Ce bail a été reconduit tacitement le 1er mars 2016 aux mêmes conditions et durée.
Le 21 octobre 2019, Mme [P] a cédé son bien à la SCI Ti Chase.
Par acte sous seing privé du 25 novembre 2021, Mme [R] a établi un contrat de location-gérance avec la SAS « Melocotton souvenirs », présidée par Madame [I] [F].
Par acte notarié du 27 novembre 2023, la SCI Scrittori a acquis l’immeuble susdit de la société Ti Chase, comprenant le local loué à Mme [R].
Par ordonnance du 31 janvier 2025, le juge des loyers commerciaux près le tribunal judiciaire de Pointe-à-Pitre a autorisé la société Scrittori à assigner Mme [R] devant cette juridiction.
Par exploit de commissaire de justice du 26 février 2025, la société Scrittori a fait assigner Mme [R] devant le juge des loyers commerciaux du tribunal judiciaire de Pointe-à-Pitre, aux fins de modifier le loyer et fixer le versement d’un dépôt et le paiement des charges, outre le paiement d’une indemnité au titre de l’article 700 du code de procédure civile.

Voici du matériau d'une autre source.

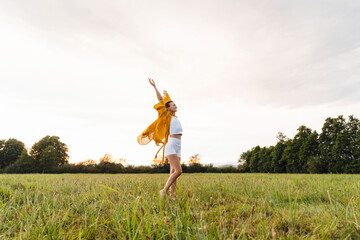 Cheerful woman walking on grass in meadow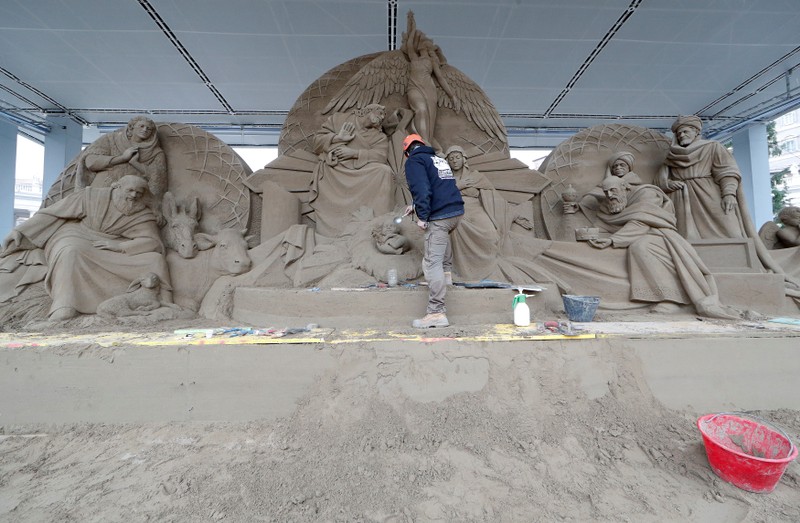 An artist works on a sand sculpture representing part of nativity scene in St. Peter's square at the Vatican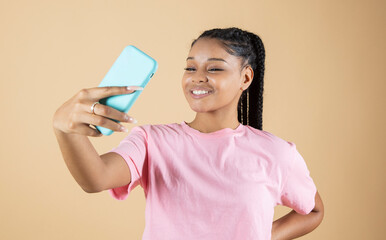 pretty young african woman making selfie with her smartphone beige background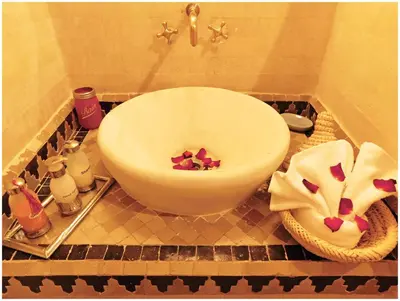 a bathroom with a white bowl with flowers in it at Riad La Rose D'orient in Marrakech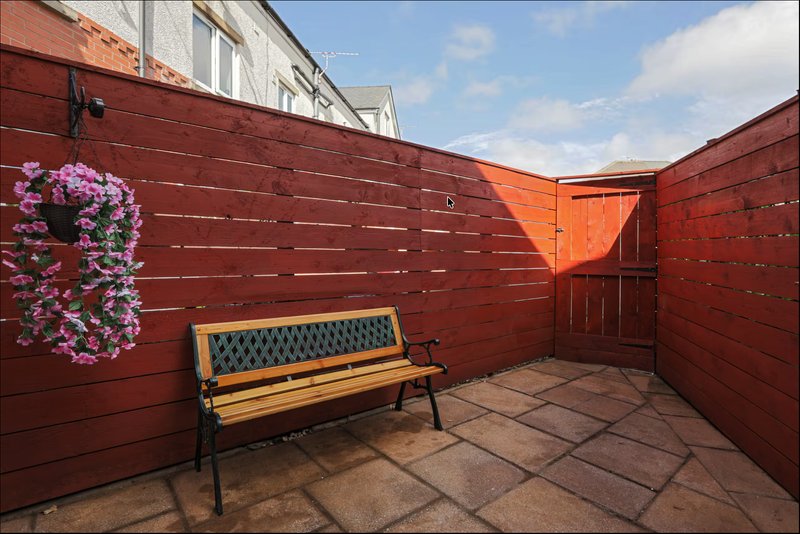 Rooftop terrace with red wooden fencing, bench seating, and flowering hanging basket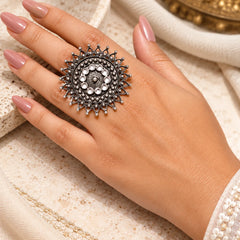 "Oxidised silver statement 
ring featuring an intricate circular design, concentric embossed patterns, and decorative sunburst edges with delicate bead-like accents."
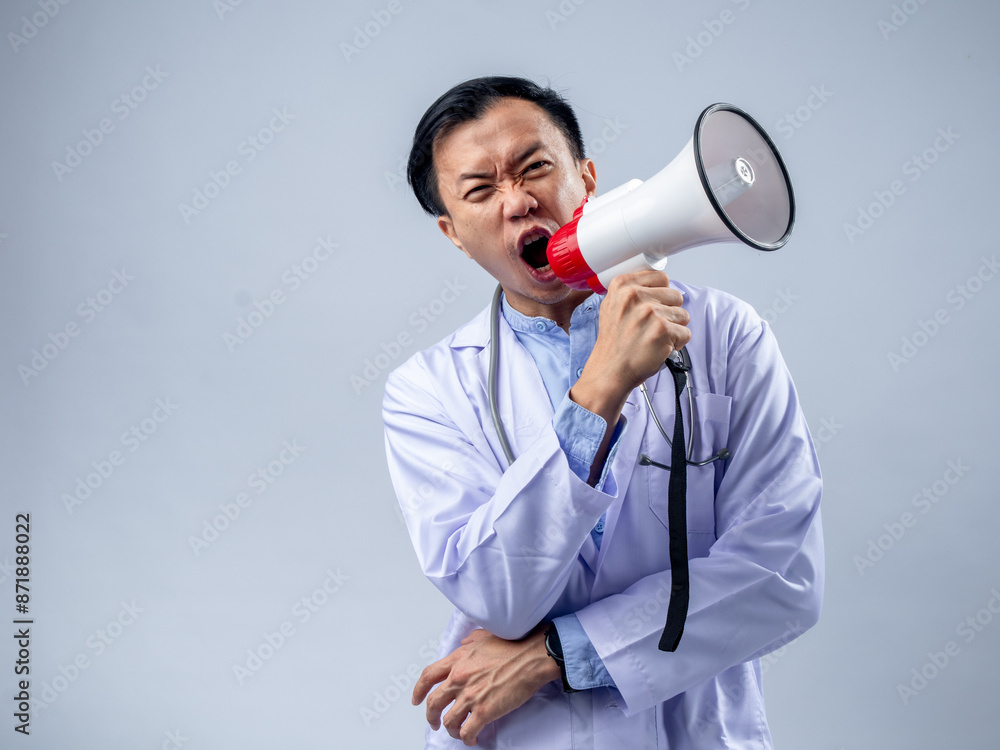 Asian male doctor in a white coat holding a megaphone and speaking enthusiastically. The plain background emphasizes the focus on the doctor's energetic announcement and the stethoscope Asian male doctor in a white coat holding a megaphone and speaking enthusiastically. The plain background emphasizes the focus on the doctor's energetic announcement and the stethoscope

Au dernier état de la procédure, aux termes de son mémoire reçu le 31 mai 2025, la société Scrittori demande au juge de :
Fixer le montant du loyer à la somme de 22 640 euros TTC en principal, et à la somme de 1 886,70 euros TTC pour le bail renouvelé au 1er juillet 2024,Rejeter la demande de Mme [R] de voir fixer le loyer du bail renouvelé à la somme de 1 794,35 euros TTC à compter du 1er juillet 2024,Assortir les arriérés de loyers d’intérêts au taux légal à compter du 26 février 2025, date de l’assignation en fixation du loyer renouvelé,Statuer ce que de droit sur les demandes relatives au dépôt de garantie et aux charges,Juger que les parties supporteront chacune les frais liés à la présente procédure,Statuer ce que de droit sur les dépens,Dire n’y avoir lieu à écarter l’exécution provisoire.
Au soutien de sa demande de fixation du montant du loyer, la société Scrittori se fonde sur l’article 145-34 du code de commerce, faisant valoir les dispositions relatives au calcul des loyers sur la base de l’indice des loyers commerciaux et l’accord des parties sur son utilisation. Elle indique dans ce cadre que la demande de renouvellement du bail ayant eu lieu avant son expiration, le loyer doit être fixé à la somme de 1 738,89 euros HT et 1 886,70 euros TTC.
S’agissant de sa demande au regard du dépôt de garantie et des charges, la société Scrittori propose que le dépôt de garantie soit fixé à la somme de deux mois de loyer HT, étant précisé qu’une partie ayant été déjà déposée, il s’agira uniquement d’un complément. Concernant les charges, la demanderesse se fonde sur les dispositions du bail commercial initial pour solliciter le paiement de la taxe foncière et de la taxe d’enlèvement des ordures ménagères au prorata de la superficie du local.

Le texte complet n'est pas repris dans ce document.